◆ **Exercise directions**: From the first line to the last, copy the data exactly and drop the pictures.

◆ **Data below**:
#####

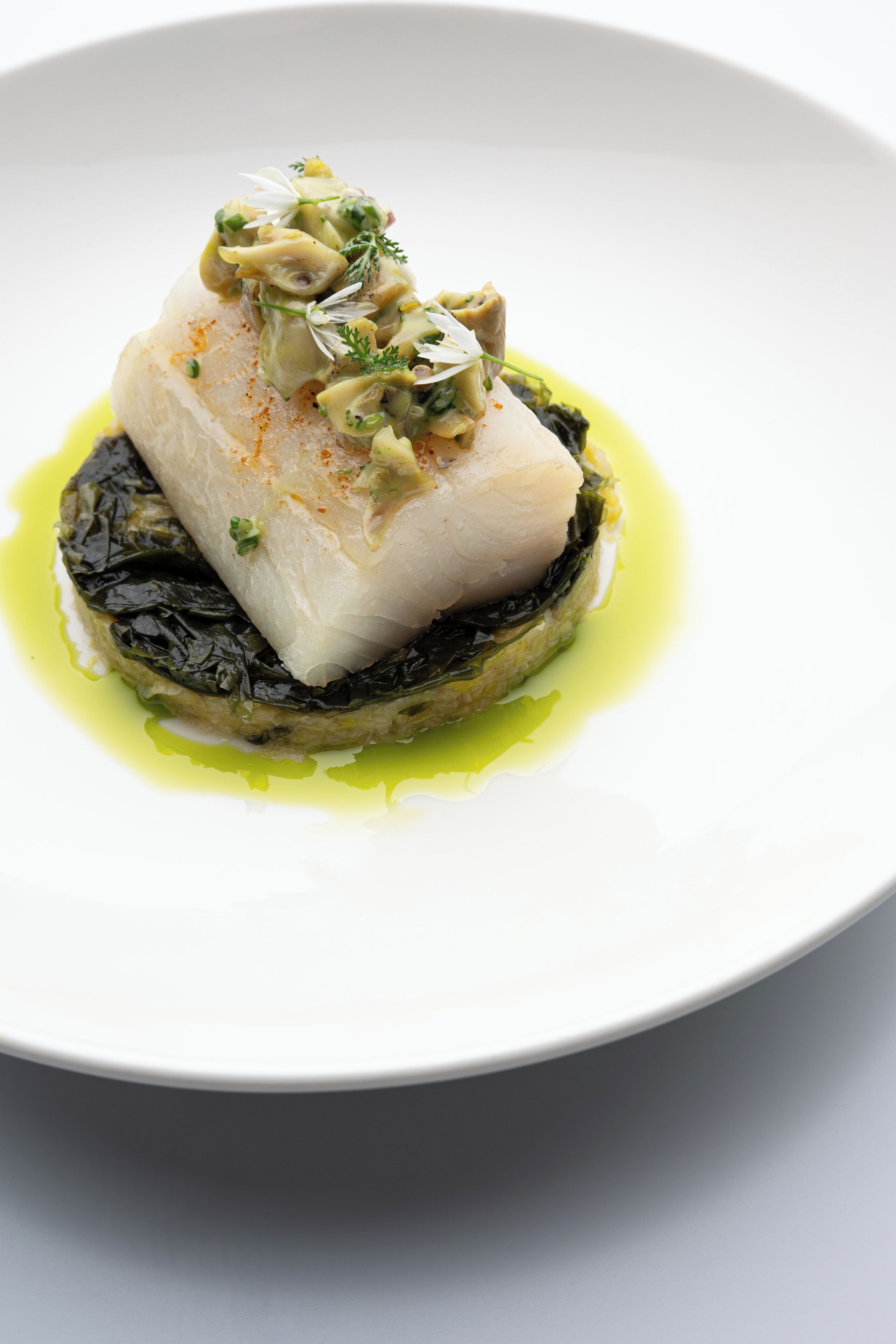 Une assiette blanche sur laquelle repose un morceau de poisson, lui-même posé sur un lit de verdure, le tout agrémenté d'herbes et d'une sauce légère.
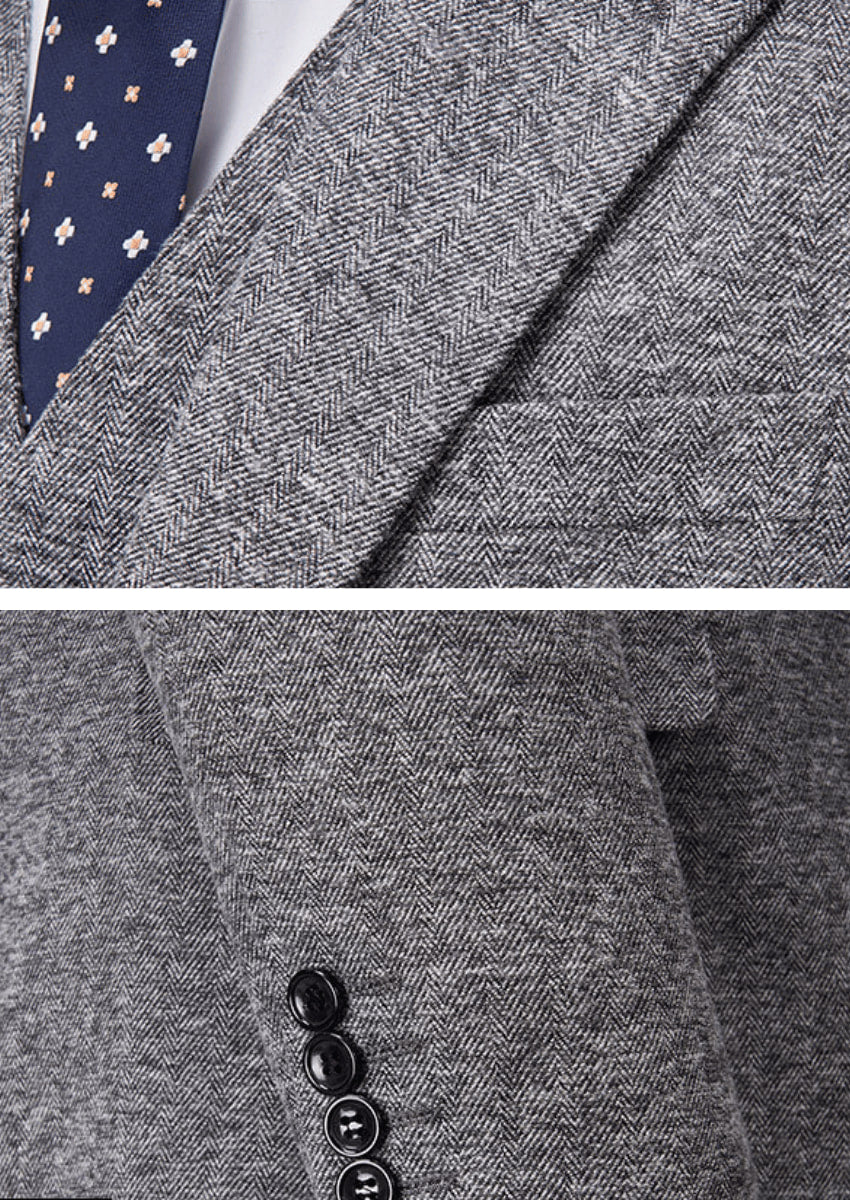 Men’s Silver Wool-Blend 3-Piece Suit with Flat Barge Collar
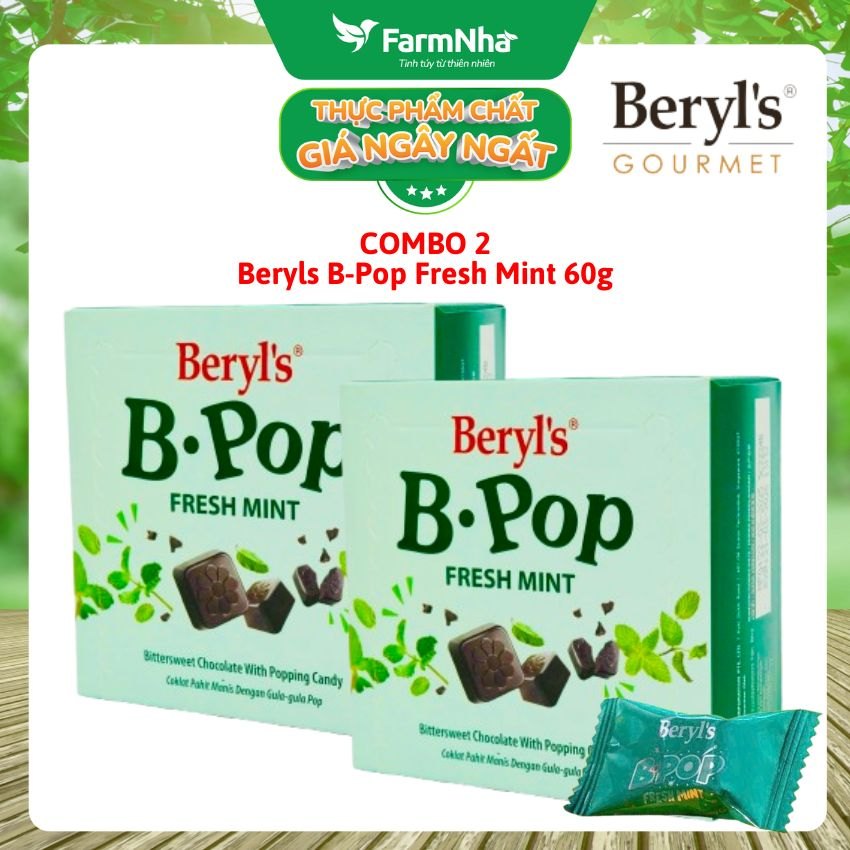 (Combo 2) Socola Beryls B.Pop Fresh Mint 50g - Hương vị Bittersweet Chocolate & Bạc Hà Mát Lạnh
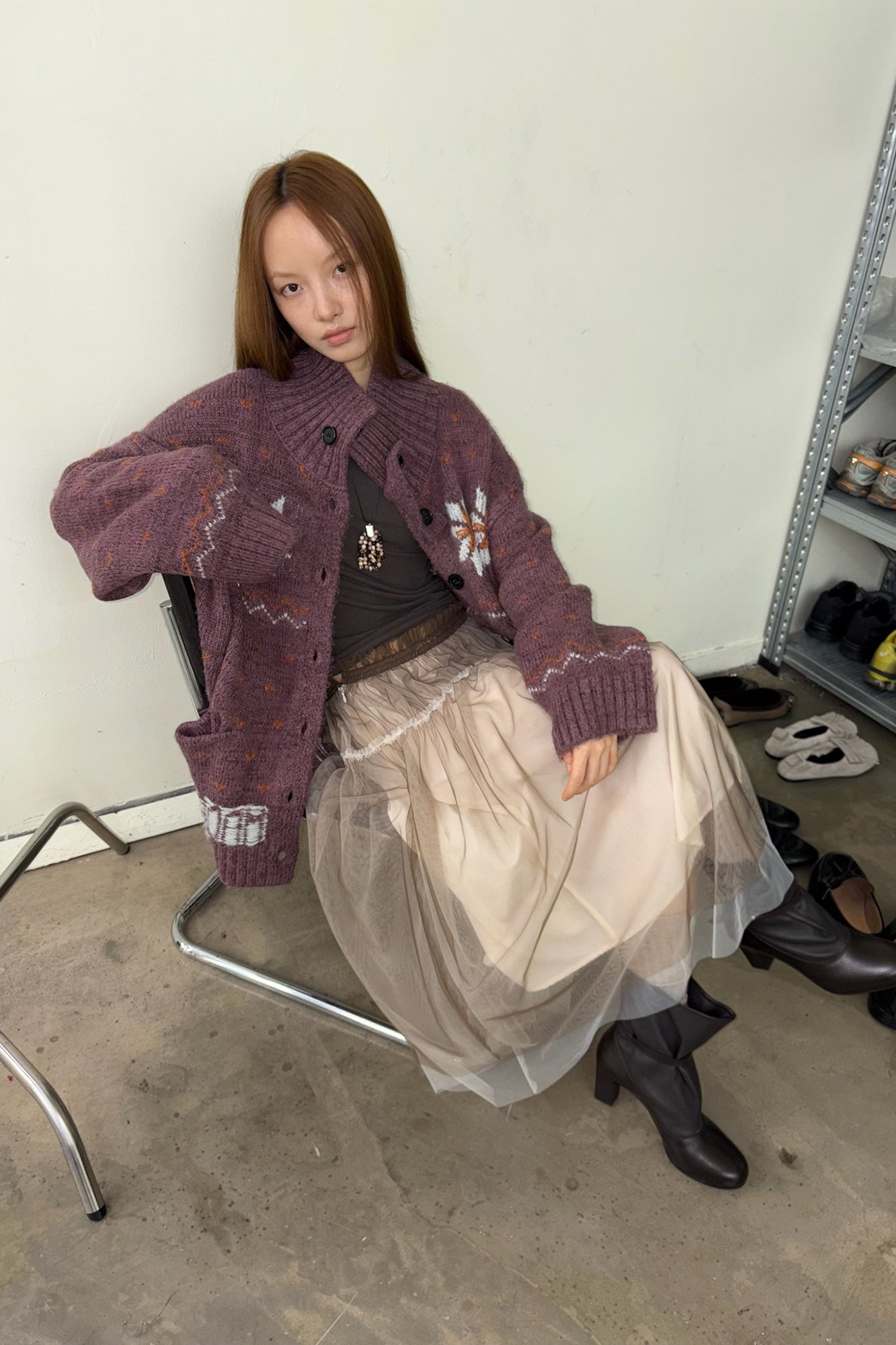 NEVERSEEZ Floral Jacquard Merino Wool-Blend Cardigan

#####

◆ **Exercise output**:
 Une assiette blanche sur laquelle repose un morceau de poisson, lui-même posé sur un lit de verdure, le tout agrémenté d'herbes et d'une sauce légère.
 Men’s Silver Wool-Blend 3-Piece Suit with Flat Barge Collar
 (Combo 2) Socola Beryls B.Pop Fresh Mint 50g - Hương vị Bittersweet Chocolate & Bạc Hà Mát Lạnh
 NEVERSEEZ Floral Jacquard Merino Wool-Blend Cardigan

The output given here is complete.